Nel 2007 Piazza Affari tenta un’altra maratona

Bilancio 2006 verso la chiusura: a Milano il guadagno è del 15% Ora focus su energia e assicurazioni

da Milano

Dopo l’anno delle banche, quello di energia, assicurazioni e forse delle telecomunicazioni: a tre sedute dal rien ne va plus, Piazza Affari studia su quale roulette puntare dopo San Silvestro. Oggi il primo assaggio, quando dopo la pausa più lunga dell’anno con quattro giorni di chiusura forzata per le festività natalizie, nelle sale operative si procederà a chiudere le posizioni dell’anno. Tendenza iniziata già la scorsa settimana ma, malgrado la frenata finale, i big di Piazza Affari si apprestano a incassare un guadagno del 14,39% in dodici mesi (indice S&P Mib) che sale al 17,38% per il Mibtel e al 30,45% per il Midex.
Numeri dietro cui si nascondono massimi storici e una maratona senza precedenti che si prolunga da quattro anni, ma tra gli operatori il clima rimane improntato all’ottimismo. Una visione basata sui «buoni risultati aziendali e sui bassi tassi di interesse», sintetizza il direttore generale di Capitalgest (gruppo Banca Lombarda), Sebastiano Di Pasquale invitando a guardare in primo luogo all’Europa, ma qualche sorpresa potrebbe essere riservata anche dal Giappone «dove da settimane si respira un’aria differente». Simili le conclusioni dell’amministratore delegato di Investitori Sgr (gruppo Ras), Carlo Maria Mascheroni che, pur senza addentrarsi in analisi geografiche, si attende un ritorno di interesse per il risparmio gestito dopo l’emorragia degli ultimi mesi.
Malgrado sfogliando alcuni studi la sensazione sia che il 2007 sia un anno di «consolidamento», qualche buona occasione non dovrebbe quindi mancare. A questo proposito i pareri tuttavia divergono: Mascheroni punta infatti su «una riscoperta del settore tecnologico a livello mondiale con possibili ricadute positive sui telefonici, Italia compresa» mentre Di Pasquale rispolvera «l’energia, le municipalizzate e le assicurazioni». Il pensiero si sofferma immediatamente sulla battaglia in corso per il futuro assetto delle Generali ma da oggi Piazza Affari tornerà anche a interrogarsi sul mini-riassetto annunciato giovedì scorso con cui Telecom Italia costituirà quattro divisioni di business alle dirette dipendenze dell’amministratore delegato Riccardo Ruggiero.
Altre osservate speciali sono Alitalia e, complice la riapertura del canale diplomatico verso la spagnola Abertis, Autostrade ma nel 2007 difficilmente mancherà «una coda del riassetto bancario italiano che ha caratterizzato quest’anno», sottolinea Di Pasquale.
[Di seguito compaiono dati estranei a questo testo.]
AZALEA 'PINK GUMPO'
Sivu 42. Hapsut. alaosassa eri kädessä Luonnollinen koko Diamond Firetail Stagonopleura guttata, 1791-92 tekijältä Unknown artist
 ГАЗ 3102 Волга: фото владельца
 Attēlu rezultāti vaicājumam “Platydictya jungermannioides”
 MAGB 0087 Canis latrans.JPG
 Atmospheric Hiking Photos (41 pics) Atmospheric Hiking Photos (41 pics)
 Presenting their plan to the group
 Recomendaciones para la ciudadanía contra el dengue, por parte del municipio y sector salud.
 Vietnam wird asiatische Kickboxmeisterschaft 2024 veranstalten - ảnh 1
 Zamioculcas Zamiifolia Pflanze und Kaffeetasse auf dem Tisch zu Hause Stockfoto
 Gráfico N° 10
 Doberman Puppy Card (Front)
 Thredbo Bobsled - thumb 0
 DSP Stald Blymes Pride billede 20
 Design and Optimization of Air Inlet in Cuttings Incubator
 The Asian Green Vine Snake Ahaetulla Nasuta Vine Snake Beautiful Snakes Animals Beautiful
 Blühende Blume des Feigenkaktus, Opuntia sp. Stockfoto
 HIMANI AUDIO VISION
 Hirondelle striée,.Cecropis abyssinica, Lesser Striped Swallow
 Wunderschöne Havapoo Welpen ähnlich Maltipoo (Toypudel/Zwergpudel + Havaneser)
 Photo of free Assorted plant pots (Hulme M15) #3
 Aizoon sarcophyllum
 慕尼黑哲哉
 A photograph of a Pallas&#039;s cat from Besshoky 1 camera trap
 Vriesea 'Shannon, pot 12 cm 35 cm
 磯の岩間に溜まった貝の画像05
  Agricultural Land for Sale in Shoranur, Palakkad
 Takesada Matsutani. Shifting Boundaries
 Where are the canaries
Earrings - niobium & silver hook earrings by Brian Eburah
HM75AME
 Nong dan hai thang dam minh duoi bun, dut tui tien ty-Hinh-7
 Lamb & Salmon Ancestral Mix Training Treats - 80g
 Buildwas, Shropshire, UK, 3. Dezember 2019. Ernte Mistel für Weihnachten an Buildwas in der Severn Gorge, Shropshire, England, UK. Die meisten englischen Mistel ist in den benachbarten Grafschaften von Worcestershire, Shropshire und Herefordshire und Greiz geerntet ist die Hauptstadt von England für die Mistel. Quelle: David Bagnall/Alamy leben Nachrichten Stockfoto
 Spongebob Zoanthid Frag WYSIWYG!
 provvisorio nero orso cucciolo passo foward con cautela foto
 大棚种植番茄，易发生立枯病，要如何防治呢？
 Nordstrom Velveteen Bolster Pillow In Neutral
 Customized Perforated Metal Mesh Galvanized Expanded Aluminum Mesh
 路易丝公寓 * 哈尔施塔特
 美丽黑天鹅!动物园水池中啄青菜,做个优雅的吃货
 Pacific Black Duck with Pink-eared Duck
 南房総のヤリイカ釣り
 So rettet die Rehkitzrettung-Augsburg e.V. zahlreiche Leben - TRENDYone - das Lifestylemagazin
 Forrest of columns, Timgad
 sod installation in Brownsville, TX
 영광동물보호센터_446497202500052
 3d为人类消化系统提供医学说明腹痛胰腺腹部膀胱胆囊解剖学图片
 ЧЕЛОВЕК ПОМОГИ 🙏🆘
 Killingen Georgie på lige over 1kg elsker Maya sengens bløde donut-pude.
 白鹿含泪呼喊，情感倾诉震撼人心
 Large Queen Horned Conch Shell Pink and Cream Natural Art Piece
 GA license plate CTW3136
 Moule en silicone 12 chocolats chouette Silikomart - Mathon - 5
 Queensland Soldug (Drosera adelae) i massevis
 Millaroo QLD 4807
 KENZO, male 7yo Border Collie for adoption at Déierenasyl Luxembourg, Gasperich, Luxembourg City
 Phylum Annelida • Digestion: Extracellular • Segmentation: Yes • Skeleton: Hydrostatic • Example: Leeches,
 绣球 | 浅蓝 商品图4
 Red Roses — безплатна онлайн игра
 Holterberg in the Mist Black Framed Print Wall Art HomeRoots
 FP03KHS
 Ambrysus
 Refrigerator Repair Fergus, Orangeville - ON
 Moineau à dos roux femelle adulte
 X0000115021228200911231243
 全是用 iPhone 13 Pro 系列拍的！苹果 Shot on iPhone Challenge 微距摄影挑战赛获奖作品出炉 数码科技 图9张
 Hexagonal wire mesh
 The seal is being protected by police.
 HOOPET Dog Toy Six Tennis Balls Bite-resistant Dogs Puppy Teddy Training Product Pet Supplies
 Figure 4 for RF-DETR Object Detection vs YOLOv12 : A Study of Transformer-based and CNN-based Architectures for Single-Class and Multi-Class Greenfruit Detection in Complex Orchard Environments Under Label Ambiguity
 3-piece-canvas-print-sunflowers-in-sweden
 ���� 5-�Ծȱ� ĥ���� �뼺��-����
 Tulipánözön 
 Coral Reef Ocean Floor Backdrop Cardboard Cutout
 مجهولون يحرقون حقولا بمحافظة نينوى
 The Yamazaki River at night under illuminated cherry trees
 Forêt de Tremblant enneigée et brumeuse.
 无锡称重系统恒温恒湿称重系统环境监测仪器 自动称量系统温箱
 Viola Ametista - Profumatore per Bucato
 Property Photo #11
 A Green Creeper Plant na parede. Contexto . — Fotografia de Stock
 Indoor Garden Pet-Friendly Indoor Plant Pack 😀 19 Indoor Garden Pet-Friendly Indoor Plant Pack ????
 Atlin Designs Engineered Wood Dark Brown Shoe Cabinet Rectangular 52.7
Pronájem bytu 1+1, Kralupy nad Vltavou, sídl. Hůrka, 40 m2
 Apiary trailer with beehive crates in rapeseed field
Più in generale il top manager che ha la responsabilità del risparmio gestito di Banca Lombarda invita comunque a «rimanere lontani dall’aerea del dollaro» ricordando come sia stata proprio la variabile del cambio a riservare finora qualche dispiacere. Focus quindi puntato sull’Europa anche se «l’America potrebbe tornare a essere interessante quando ci si renderà conto, come credo, che il rallentamento sarà meno marcato di quanto ci si attenda in questo momento».